START EXTRACTED INFORMATION

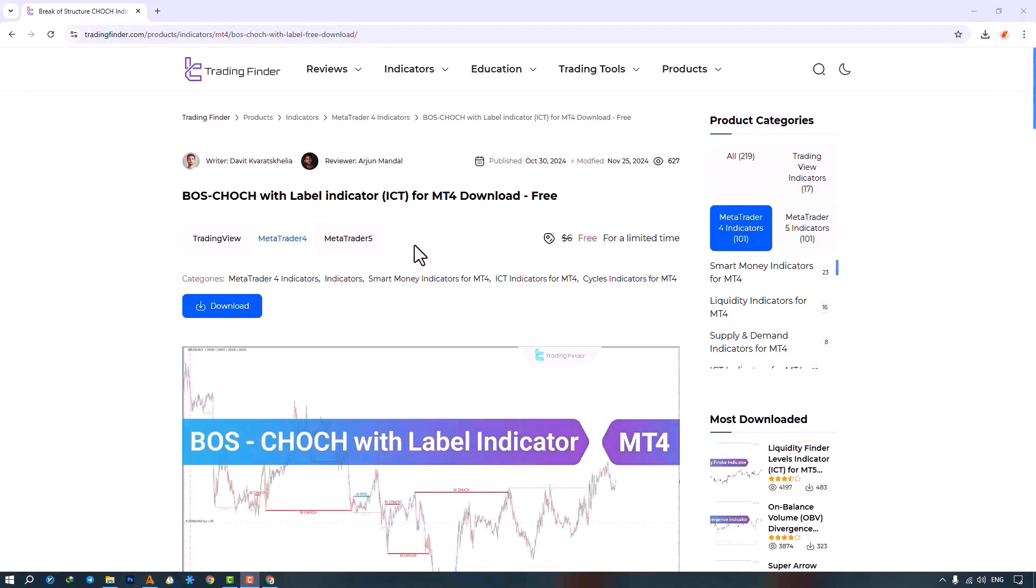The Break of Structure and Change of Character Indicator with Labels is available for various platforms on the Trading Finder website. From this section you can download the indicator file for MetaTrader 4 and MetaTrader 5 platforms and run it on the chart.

END EXTRACTED INFORMATION
START EXTRACTED INFORMATION

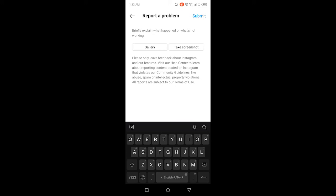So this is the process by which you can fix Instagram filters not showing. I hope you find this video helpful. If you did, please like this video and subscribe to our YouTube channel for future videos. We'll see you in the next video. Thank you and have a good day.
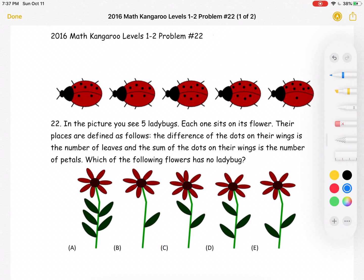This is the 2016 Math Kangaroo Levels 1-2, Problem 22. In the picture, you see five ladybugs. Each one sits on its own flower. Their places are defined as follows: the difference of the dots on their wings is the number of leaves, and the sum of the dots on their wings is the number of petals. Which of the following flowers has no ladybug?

END EXTRACTED INFORMATION
START EXTRACTED INFORMATION

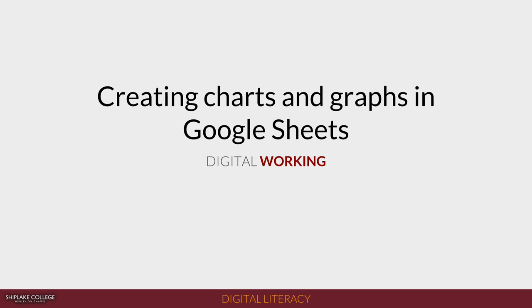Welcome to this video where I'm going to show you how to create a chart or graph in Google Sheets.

END EXTRACTED INFORMATION

TASK.
Give again, exactly as written above, each line from the one that has "So this is the" to the one that has "This is the 2016", both included; omit the pictures.

SOLUTION FOR THIS TASK.
So this is the process by which you can fix Instagram filters not showing. I hope you find this video helpful. If you did, please like this video and subscribe to our YouTube channel for future videos. We'll see you in the next video. Thank you and have a good day.
This is the 2016 Math Kangaroo Levels 1-2, Problem 22. In the picture, you see five ladybugs. Each one sits on its own flower. Their places are defined as follows: the difference of the dots on their wings is the number of leaves, and the sum of the dots on their wings is the number of petals. Which of the following flowers has no ladybug?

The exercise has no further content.